Моряк пришёл в театр, сидит в партере, за креслами, а перед ним расположился господин в высоком цилиндре, который загораживает сцену моряку. Моряк терпел-терпел, но в конце концов не выдержал и, выждав паузу на сцене, со словами "Трубу убрать, поднять гребной винт!" ударом кулака надвинул цилиндр его владельцу на глаза.
Господин преспокойно снял с головы цилиндр, превратившийся в блин, повернулся к обидчику и врезал ему между глаз:
"Выключить огни! Подготовиться к бою! Я и сам служил на флоте".
Сегодня моим глазам предстало невероятное зрелище: открытое море на 75° южной широты в День середины зимы".
Единственным нежелательным последствием описанного пиршества явилось то, что наша пищеварительная система получила новый стимул и в результате муки голода усилились ещё больше. Мы острее ощущали сосущую боль перед приёмами пищи и даже после них не чувствовали себя сытыми. Голод даже стал помехой для концертов, так как пение отнимало у нас не меньше сил, чем физическая работа.
Незадолго до праздника середины зимы или же вскоре после него была предпринята первая за зиму попытка умыться. Конечно, не могло быть и речи о том, чтобы из наших скудных запасов выделить сало для растапливания воды на гигиенические нужды, поэтому никто из нас не мылся с тех пор, как летом проходили мимо последней полыньи.
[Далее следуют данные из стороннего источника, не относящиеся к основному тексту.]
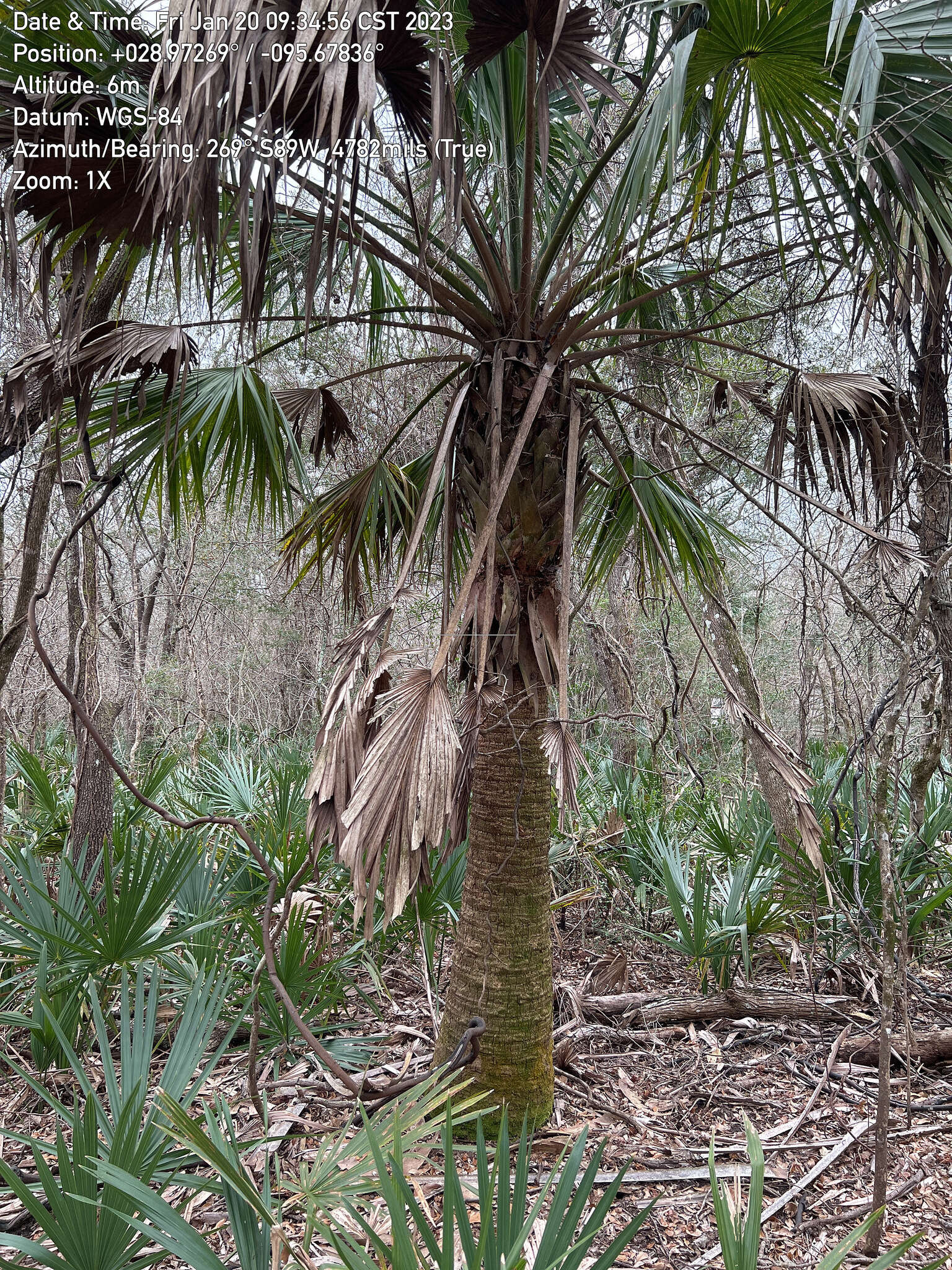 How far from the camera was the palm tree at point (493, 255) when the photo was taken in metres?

Но вот однажды, когда Браунинг вполз из тамбура в пещеру, кто-то заметил на его шлеме снег, который он соскрёб головой с потолка прохода, покрытого изморозью. Браунингу сказали об этом, он стянул с головы шлем и обтёр его о свою физиономию. Это примитивное умывание так освежило внешность Браунинга, что мы все немедля последовали его примеру. Конечно, таким способом нельзя было избавиться от слоя тюленьего жира, образовавшегося на наших лицах, но оно, наверное, и к лучшему — сальная кожа, должно быть, меньше подвержена воздействию мороза. С общего согласия процедура была названа "умывание по Браунингу" и заняла достойное место в ряду себе подобных, о которых я знаю. Известны, например, "умывание по-каперски" — два пальца окунают в ведро с водой и прикладывают к глазам, "умывание по-комендорски" — кисточкой для бритья растирают мыльную пену по всему лицу. Следовало бы ещё выделить весенне-санное умывание — это когда от одного взгляда на снег тебя охватывает озноб.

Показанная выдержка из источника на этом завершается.